Your instructions
All lines from the one containing "this 1270×952 image." to the end of the entries below must be output exactly, and no other lines.

** Exercise material follows **

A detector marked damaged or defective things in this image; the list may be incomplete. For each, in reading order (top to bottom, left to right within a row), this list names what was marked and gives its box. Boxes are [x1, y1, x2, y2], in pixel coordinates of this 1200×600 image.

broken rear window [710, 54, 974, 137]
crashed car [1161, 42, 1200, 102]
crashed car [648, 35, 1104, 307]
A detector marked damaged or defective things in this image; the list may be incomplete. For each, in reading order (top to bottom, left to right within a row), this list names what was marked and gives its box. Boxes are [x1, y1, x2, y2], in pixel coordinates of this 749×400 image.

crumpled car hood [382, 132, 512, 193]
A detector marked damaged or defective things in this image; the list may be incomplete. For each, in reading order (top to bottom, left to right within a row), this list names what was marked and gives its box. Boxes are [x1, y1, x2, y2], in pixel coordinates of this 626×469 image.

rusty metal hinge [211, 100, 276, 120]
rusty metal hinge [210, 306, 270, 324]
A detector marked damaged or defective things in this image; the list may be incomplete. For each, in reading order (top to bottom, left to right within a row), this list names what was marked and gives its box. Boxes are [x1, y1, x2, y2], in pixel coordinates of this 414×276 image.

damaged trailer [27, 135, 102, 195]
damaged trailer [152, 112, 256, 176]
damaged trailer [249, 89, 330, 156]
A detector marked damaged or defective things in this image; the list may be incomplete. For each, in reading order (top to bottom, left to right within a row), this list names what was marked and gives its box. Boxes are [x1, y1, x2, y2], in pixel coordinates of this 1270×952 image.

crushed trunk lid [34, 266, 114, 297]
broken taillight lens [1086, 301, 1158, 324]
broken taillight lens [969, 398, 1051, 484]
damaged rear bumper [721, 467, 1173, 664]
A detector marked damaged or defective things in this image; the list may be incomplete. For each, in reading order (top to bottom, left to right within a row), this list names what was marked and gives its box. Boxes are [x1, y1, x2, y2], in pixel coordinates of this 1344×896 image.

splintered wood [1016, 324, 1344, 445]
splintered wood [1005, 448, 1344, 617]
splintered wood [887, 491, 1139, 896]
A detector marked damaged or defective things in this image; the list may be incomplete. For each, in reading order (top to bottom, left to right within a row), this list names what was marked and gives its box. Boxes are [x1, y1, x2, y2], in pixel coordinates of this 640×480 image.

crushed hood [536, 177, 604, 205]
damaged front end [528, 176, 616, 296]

** End of Exercise material **

Solution to the exercise
A detector marked damaged or defective things in this image; the list may be incomplete. For each, in reading order (top to bottom, left to right within a row), this list names what was marked and gives its box. Boxes are [x1, y1, x2, y2], in pixel coordinates of this 1270×952 image.

crushed trunk lid [34, 266, 114, 297]
broken taillight lens [1086, 301, 1158, 324]
broken taillight lens [969, 398, 1051, 484]
damaged rear bumper [721, 467, 1173, 664]
A detector marked damaged or defective things in this image; the list may be incomplete. For each, in reading order (top to bottom, left to right within a row), this list names what was marked and gives its box. Boxes are [x1, y1, x2, y2], in pixel coordinates of this 1344×896 image.

splintered wood [1016, 324, 1344, 445]
splintered wood [1005, 448, 1344, 617]
splintered wood [887, 491, 1139, 896]
A detector marked damaged or defective things in this image; the list may be incomplete. For each, in reading order (top to bottom, left to right within a row), this list names what was marked and gives its box. Boxes are [x1, y1, x2, y2], in pixel coordinates of this 640×480 image.

crushed hood [536, 177, 604, 205]
damaged front end [528, 176, 616, 296]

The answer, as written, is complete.